Related: Our profile of Angela Merkel, the real leader of the free world

Similarly, U.K. Conservative Prime Minister David Cameron has been working to build long-term solutions to emissions, including bringing in a floor price on carbon. This February, before the U.K. elections, the leaders of the Conservative, Liberal Democratic, and Labour parties signed a joint agreement to seek a binding international climate deal, phase out coal-fired power, and to agree to binding national carbon budgets. This remarkable political consensus has largely removed climate change as a contentious issue in U.K. politics.

Even Australia, long seen as a climate laggard, is changing. Its new prime minister, Malcolm Turnbull, has said: “we know that the consequences of unchecked global warming would be catastrophic … We as a human species have a deep and abiding obligation to this planet and to the generations that will come after us.” Consistent with this change of tone, Australia is now signalling support for carbon markets and quietly turning its current climate change plan into a form of carbon pricing.

Canada, too, has seen climate leadership from conservatives. Brian Mulroney first signed on to the International Framework Convention of Climate Change in 1992, and it was British Columbia’s centre-right government that first introduced a price on carbon. B.C.’s example has clearly demonstrated that when implemented with sound economic principles—like using every dollar to lower taxes on businesses and families—a price on carbon and serious climate action can be paired with economic growth and real prosperity.

Of course, Canada has its climate skeptics and many of them identify as conservatives, but the conservative movement also includes luminaries like Preston Manning, Jean Charest, and David Frum, who have been clear about the need for market solutions to address this major threat to our economies and future prosperity.
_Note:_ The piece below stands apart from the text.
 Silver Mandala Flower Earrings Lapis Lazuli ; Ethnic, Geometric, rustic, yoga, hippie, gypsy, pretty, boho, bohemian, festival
Indeed, in the last election, polling showed that a majority of Conservative voters thought Canada should take further measures to reduce greenhouse gas emissions.
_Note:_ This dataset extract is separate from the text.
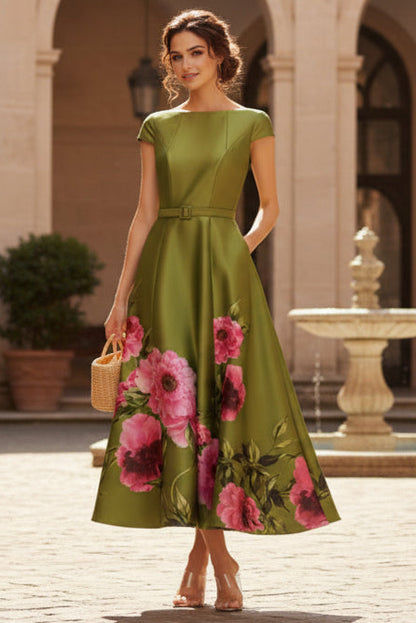 Bateau-Neck Print-Satin Tea-Length A-Line Mother of the Bride Dress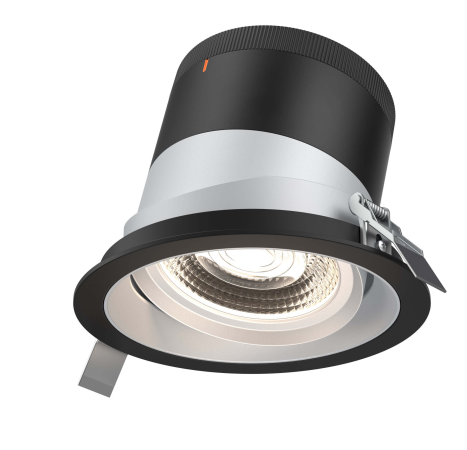 Dals Lighting RC06-CC-35-GMBAZ-TBK 6 Inch Modular Downlight, 5CCT, 35 degree Beam Angle, Gimbal Reflector, Alzak Finish, Black Trim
As federal Conservatives think about renewing their party, and new conservative opposition leaders in Alberta and Ontario respond to the climate policies of their governments, Canadian conservatives should think about where they want to position themselves—with climate skepticism and intransigence, or with conservative leaders like Merkel, Cameron and Turnbull who are trying to provide economically sensible, market-oriented solutions to the challenge of climate change. A successful result in Paris, with the strong participation of conservative governments internationally, should make this choice a little clearer.